Randy James Johnston
Randy Johnston has been making pots in his Wisconsin studio for more than thirty years. He is recognized internationally as an artist and for his many contributions to the development of wood kiln technology in the United States. He is currently a professor at the University of Wisconsin, River Falls, where he teaches ceramics and drawing. His work is exhibited internationally and he is the recipient of numerous awards including the Bush Artist Fellowship granted by the Bush foundation in Minnesota and two Visual Artist Fellowships from the National Endowment for the Arts. Johnston received his MFA from Southern Illinois University and a BFA in Studio Arts from the University of Minnesota where he studied with Warren MacKenzie. He also studied in Japan at the pottery of Shimaoka Tatsuzo who was a student of Shoji Hamada.
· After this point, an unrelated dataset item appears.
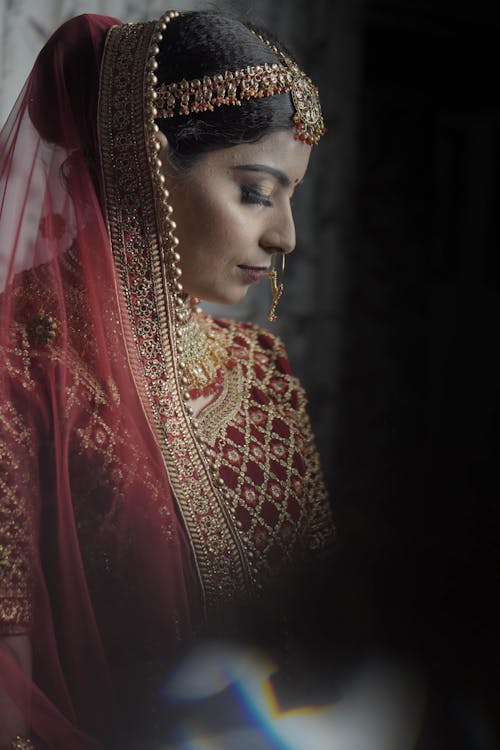 傳統, 印度文化, 印度新娘 的 免费素材图片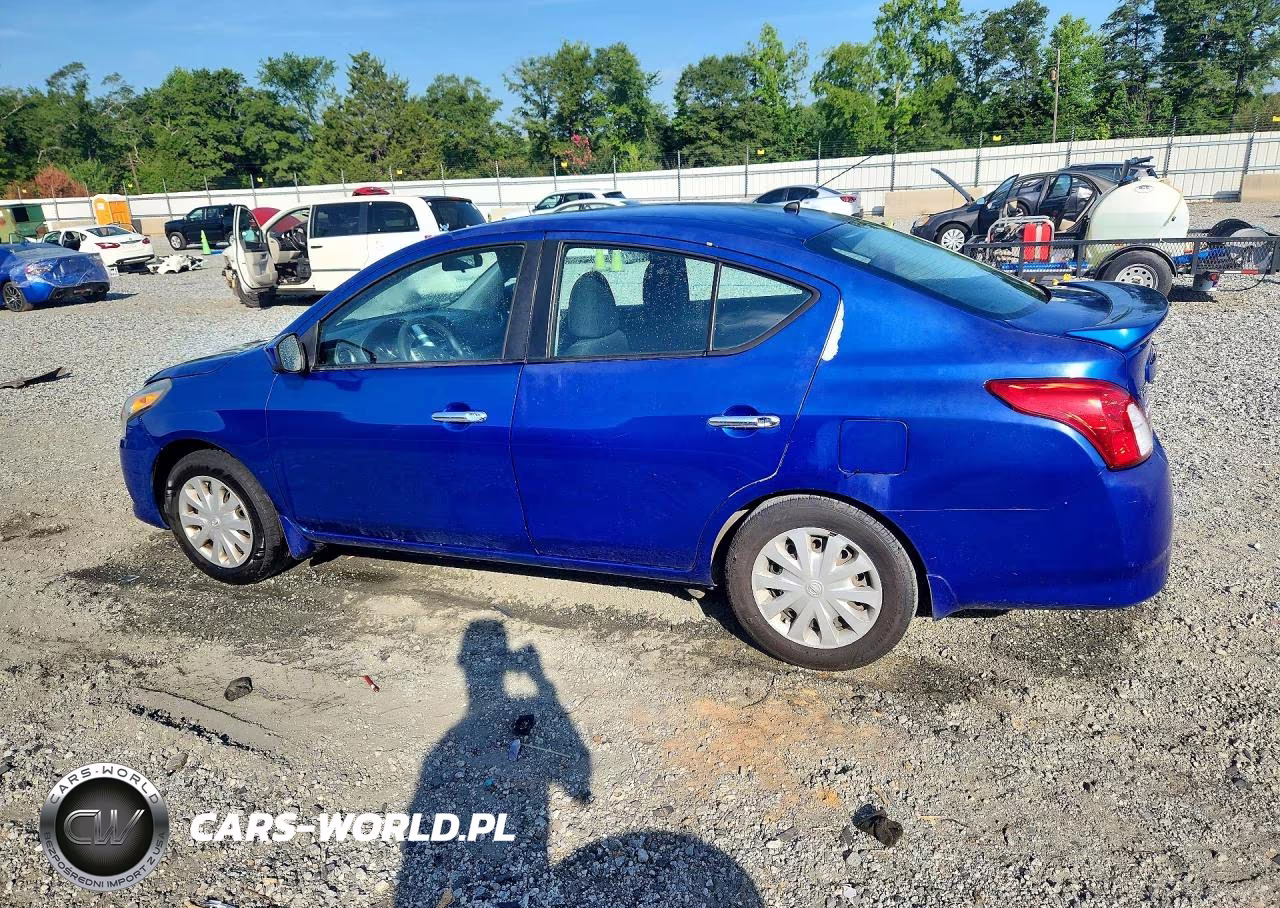 2015 Nissan Versa 1.6 Sv VIN:3N1CN7AP7FL893253 - 2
Wood firing and the types of ceramic pieces which emerge from the process create surprise. The delight in looking at and touching these pieces come from this surprise. This is both an advantage and disadvantage for the artist. It is not a random process, as some might believe: There is a direction toward control within our chosen and learned parameters. It is also an observation, an act of attention, that leads to our growth, acquired abilities and talents for various techniques. Every firing is a new attempt to extend our knowledge of this elusive material and process. The fire is an essential way of marking the surface and transforming the object giving it life. I work because of aesthetic necessity, sharing influences of many times, places, techniques and types of art. I fire my work with wood because of aesthetic choice. This is a huge investment of time and energy, but it is a process justified by its unpredictability, by the mysteries which lie beyond our control. There is a sense in this process of the nourishable accident and often it is the flaw, the scar, the unintended mark that becomes interesting. The fire in and around the pieces facilitates flawed things of beauty, and often the beauty resides in the flaw itself, the accident around which the idea of the piece gathers itself and becomes unique.